Op 19-5-2010 13:45, Lars Aronsson schreef:
Wikipedia was created in 2001 and the image bank
a few years later. It now contains 6 million files, mostly images.
Most of them use the template:Information which has a Date= field
to indicate when the content was created. The ideal format is the
ISO date format YYYY-MM-DD, but this is not always followed. When
I tried to parse the year, I was successful for 3.5 million files.
(Maybe I didn't try very hard.)
I guess you used a regex. Which one exactly? Or did you publish your
So, when were our files created? Of course, most were
after Wikipedia was founded, in the most recent decade.
Even for old buildings, new photos were taken and uploaded.
For older decades, we should expect more information for more
recent ones, since more cameras were in used and more books
published with each new decade. Exactly how big has that
growth rate been?
It turns out, we have roughly 2% more files for each new year.
A graph plotting each year is very bumpy, but if sum up each
decade, it becomes quite smooth. This does not mean that content
production increased with 2% annually, but the content that
survived and was copied to Wikimedia Commons has grown this fast.
But this is only true for the years between 1750 and 1900.
For years before 1750, before enlightenment, the growth rate
is only 0.5 percent annually. Also quite reasonable.
The real surprise is that after 1900, there is no growth.

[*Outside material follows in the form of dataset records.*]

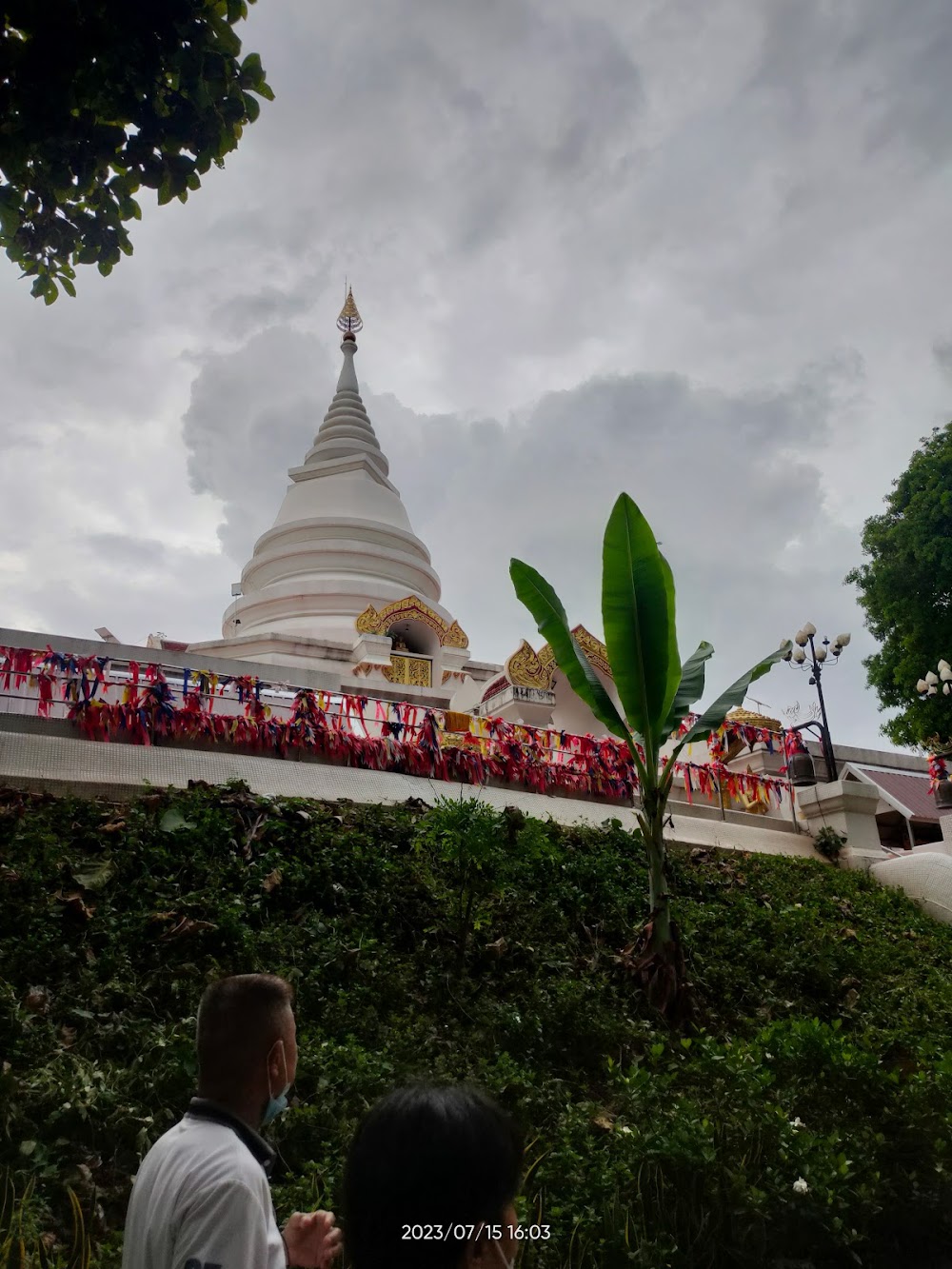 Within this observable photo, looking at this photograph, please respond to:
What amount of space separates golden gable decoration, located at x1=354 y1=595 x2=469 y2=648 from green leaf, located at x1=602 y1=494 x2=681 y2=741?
13591 millimetres

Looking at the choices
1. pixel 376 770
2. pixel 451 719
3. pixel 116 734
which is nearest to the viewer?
pixel 116 734

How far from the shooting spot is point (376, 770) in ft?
37.8

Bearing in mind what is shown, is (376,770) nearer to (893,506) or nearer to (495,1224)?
(495,1224)

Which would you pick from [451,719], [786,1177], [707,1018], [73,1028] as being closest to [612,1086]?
[786,1177]

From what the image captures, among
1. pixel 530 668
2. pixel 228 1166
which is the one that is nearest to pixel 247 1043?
pixel 228 1166

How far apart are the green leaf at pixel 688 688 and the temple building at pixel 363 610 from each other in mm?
9721

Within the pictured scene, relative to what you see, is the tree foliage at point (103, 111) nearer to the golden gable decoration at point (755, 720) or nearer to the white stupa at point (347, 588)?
the white stupa at point (347, 588)

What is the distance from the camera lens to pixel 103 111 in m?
4.23

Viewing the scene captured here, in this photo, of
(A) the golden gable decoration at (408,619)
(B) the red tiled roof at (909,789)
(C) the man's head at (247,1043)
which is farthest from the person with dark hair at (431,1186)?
(A) the golden gable decoration at (408,619)

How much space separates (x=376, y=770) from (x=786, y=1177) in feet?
26.5

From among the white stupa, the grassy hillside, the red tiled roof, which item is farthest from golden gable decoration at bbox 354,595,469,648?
the grassy hillside

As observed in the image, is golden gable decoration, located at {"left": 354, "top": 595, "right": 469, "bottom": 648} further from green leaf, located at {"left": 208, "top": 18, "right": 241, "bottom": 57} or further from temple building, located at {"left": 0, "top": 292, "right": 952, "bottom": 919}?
green leaf, located at {"left": 208, "top": 18, "right": 241, "bottom": 57}

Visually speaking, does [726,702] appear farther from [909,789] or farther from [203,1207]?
[909,789]

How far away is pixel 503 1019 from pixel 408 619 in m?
16.3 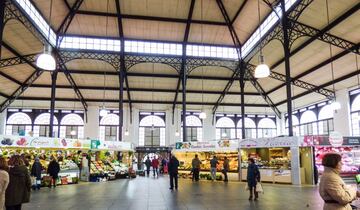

We have roughly 30,000 files from each decade in the
20th century. These are the numbers I found:
1850s 8652 files
2000s 2,951,138 files
And the graph is found on
My guess is that this is an effect of copyright laws,
which locks down the use of 20th century content.
Nice stats! I wonder how the distribution is of years with the images of
the batch uploads and if this influences the overall statistics.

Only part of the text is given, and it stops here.